Re: newline cache - Eli Zaretskii

all messages for Emacs-related lists mirrored at yhetil.org
 help / color / mirror / code / Atom feed

From: Eli Zaretskii <eliz@gnu.org>
To: rms@gnu.org
Cc: emacs-devel@gnu.org
Subject: Re: newline cache
Date: Wed, 23 Apr 2014 18:23:42 +0300	[thread overview]
Message-ID: <837g6g9iip.fsf@gnu.org> (raw)
In-Reply-To: <E1WcpmH-0000VT-KK@fencepost.gnu.org>

> Date: Wed, 23 Apr 2014 01:31:25 -0400
> From: Richard Stallman <rms@gnu.org>
> CC: emacs-devel@gnu.org
> 
>     The function I added returns an array with 2 sub-arrays, one with
>     newline positions according to the cache, the other with newline
>     positions according to the actual buffer contents.
> 
> That may take a very long time for my RMAIL buffer, which is 4 meg.  I
> don't think I could tolerate having that run after each Rmail command.

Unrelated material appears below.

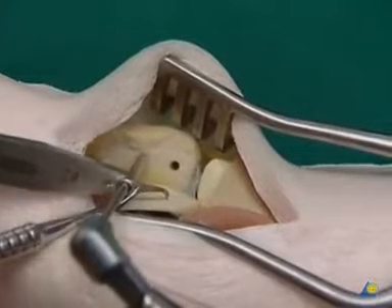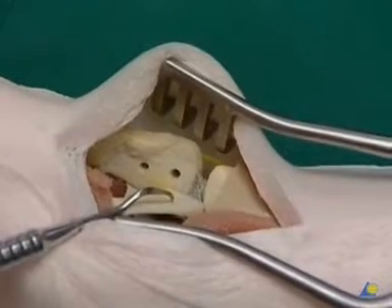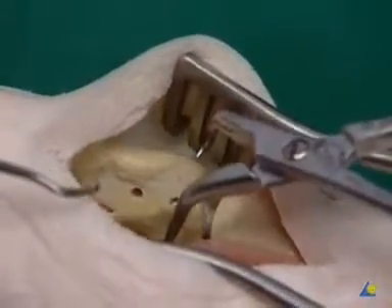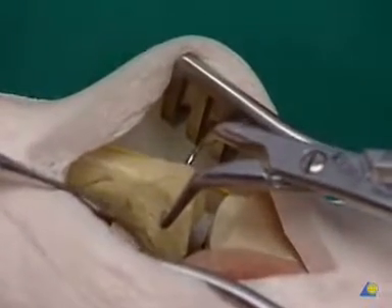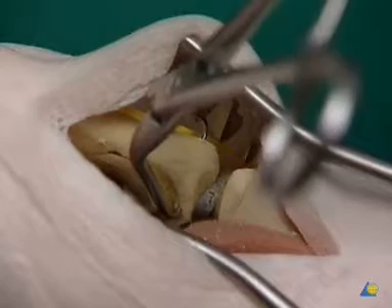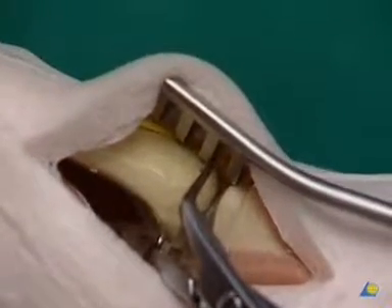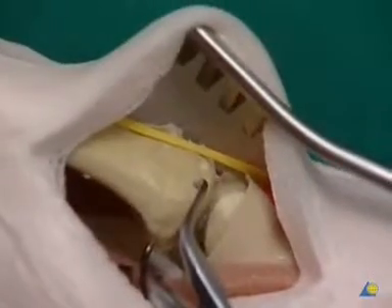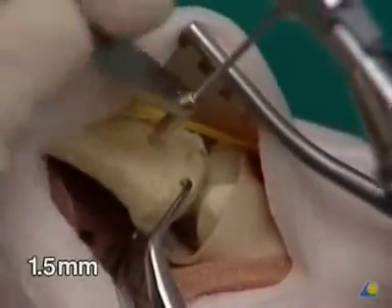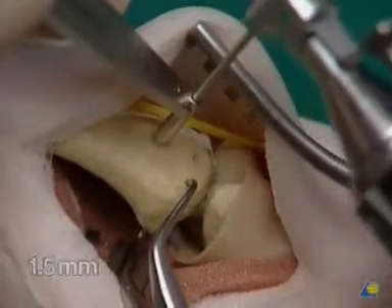The second gliding hole is drilled distal to the first one in the same manner. The Bennett's fragment can now be reduced and stabilized with the small reduction forceps. Pronation of metacarpal one will first expose the superficial branch of the radial nerve and then the dorsal exit points of both gliding holes. The 1.5 mm drill guide is inserted into the distal gliding hole and the 1.5 mm thread hole is drilled along the same axis into the Bennett's fragment.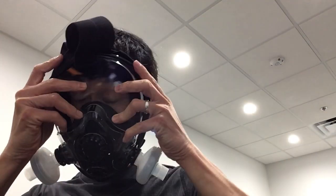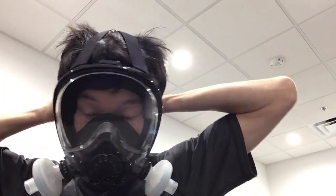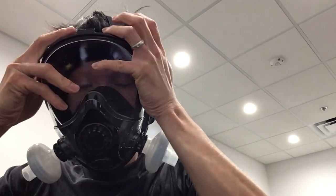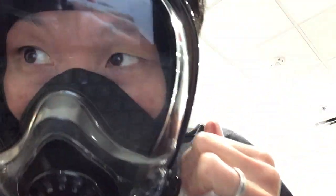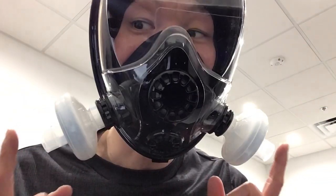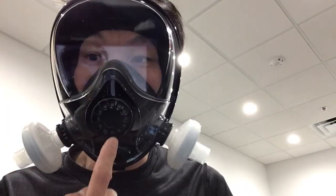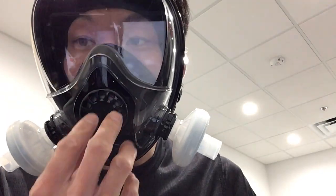I'll show you the fit. No leak — it's a great fit. It's filtering both inspiratory and expiratory because I took the one-way valves out. I do need to cap this one-way valve to make sure that it doesn't allow you to expire air out.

I suggest to try it; you might be surprised.  I tried it on a 7MB mbox
file, and didn't see any significant slowdown.  The reason is simple:
the mbox buffer is almost always narrowed, and find_newline, which is
the workhorse of the function I wrote, and also the main suspect, only
looks within the restriction.

In any case, if you decide to use the debugging code, please use the
patch below, which fixes a stupid thinko in the previous version.

> To make this fast enough for me to use it to localize the bug, it
> needs to operate only on a specified part of the buffer.

Narrowing already does that.  Anyway, it is impossible to predict in
advance in which portions of the buffer the corruption will happen, at
least not with the level of understanding of this bug that I have now.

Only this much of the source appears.